- WORK TO COMPLETE:
Could you write out, exactly as they stand, only the lines in the listing below from the line with "bunch of green grapes isolated on white" to the line with "Boti Flasche mit", both ends included, without the pictures?

===== SUPPLIED INFORMATION =====

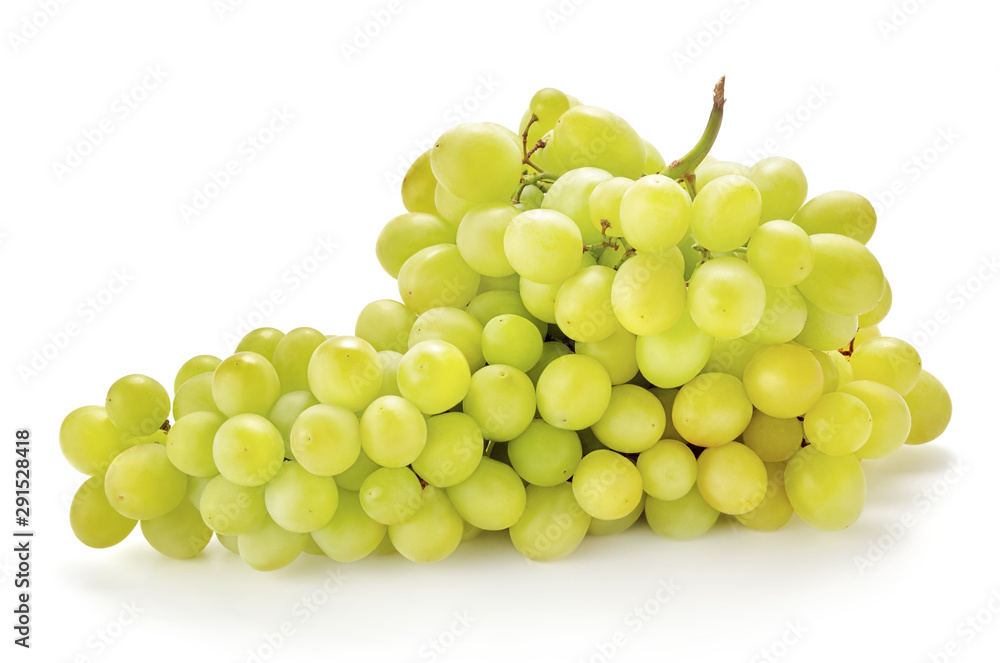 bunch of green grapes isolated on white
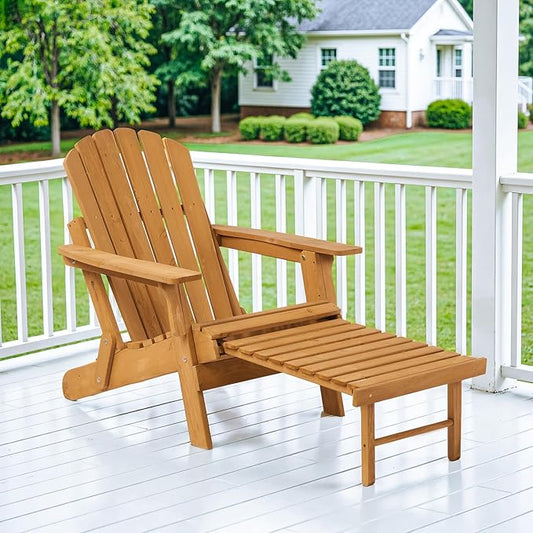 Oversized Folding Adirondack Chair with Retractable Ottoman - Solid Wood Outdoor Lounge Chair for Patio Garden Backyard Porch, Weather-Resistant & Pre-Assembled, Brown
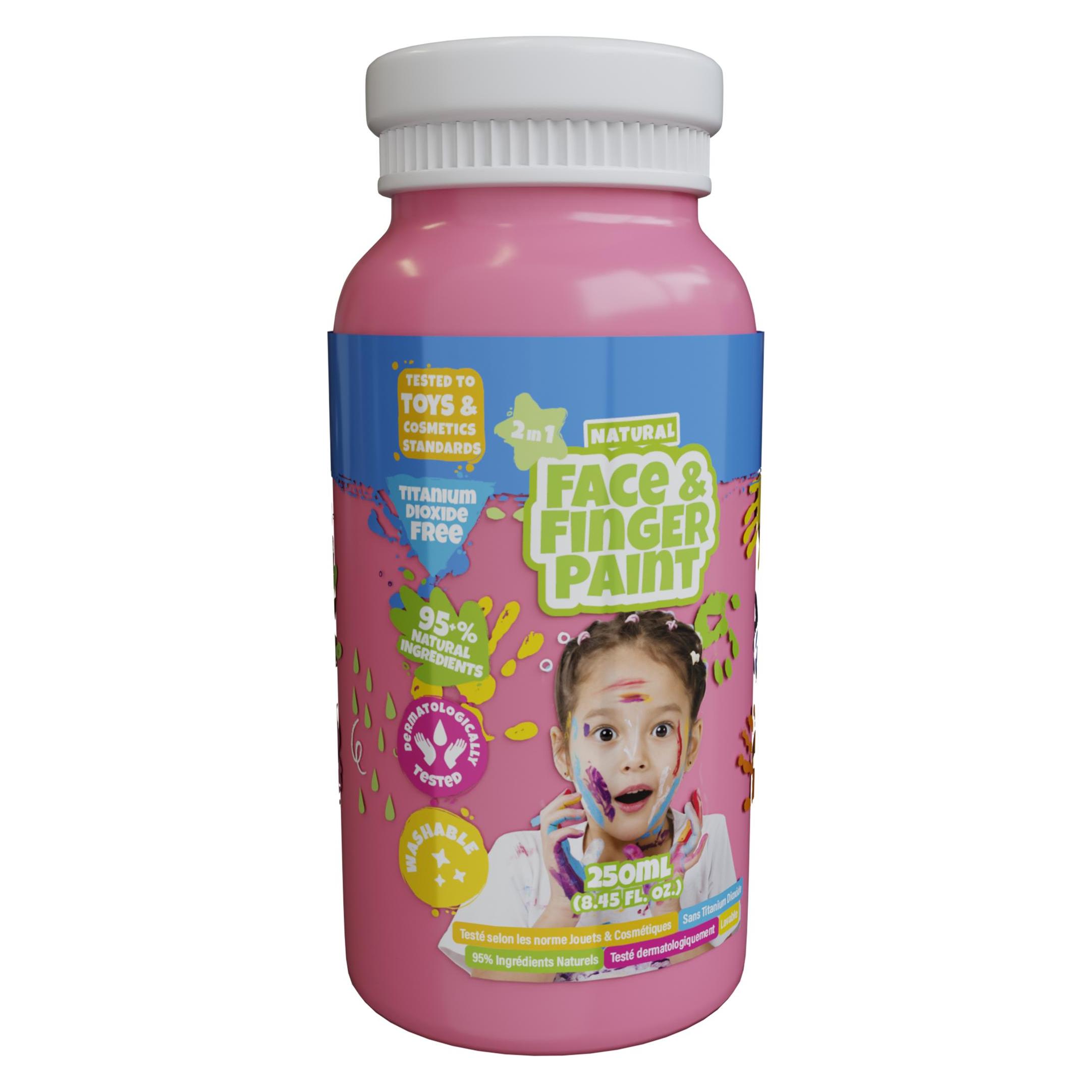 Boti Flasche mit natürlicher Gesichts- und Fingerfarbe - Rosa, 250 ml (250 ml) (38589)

=====
===== SUPPLIED INFORMATION =====

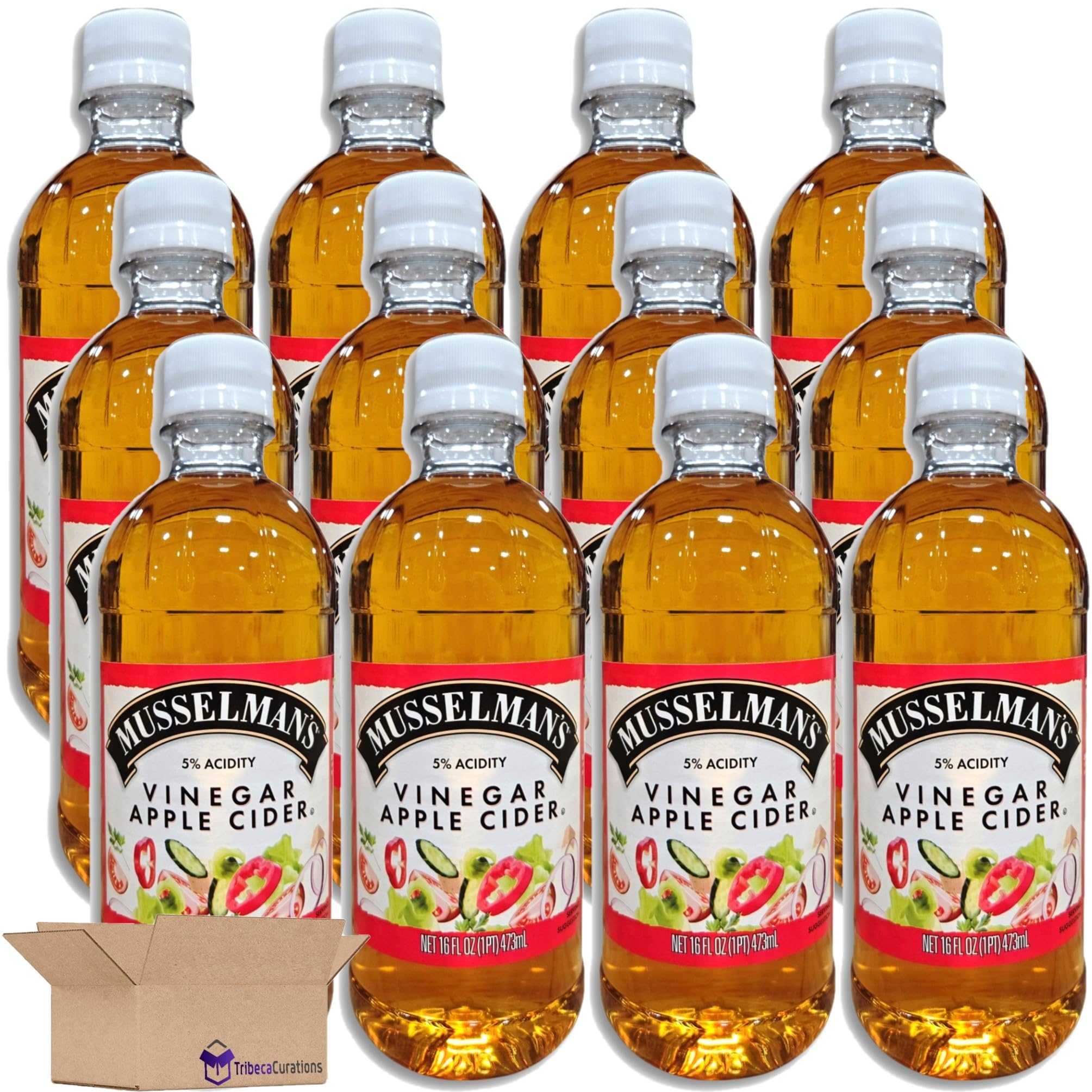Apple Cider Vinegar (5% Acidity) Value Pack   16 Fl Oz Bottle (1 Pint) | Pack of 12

=====

- FINAL ANSWER:
 bunch of green grapes isolated on white
 Oversized Folding Adirondack Chair with Retractable Ottoman - Solid Wood Outdoor Lounge Chair for Patio Garden Backyard Porch, Weather-Resistant & Pre-Assembled, Brown
 Boti Flasche mit natürlicher Gesichts- und Fingerfarbe - Rosa, 250 ml (250 ml) (38589)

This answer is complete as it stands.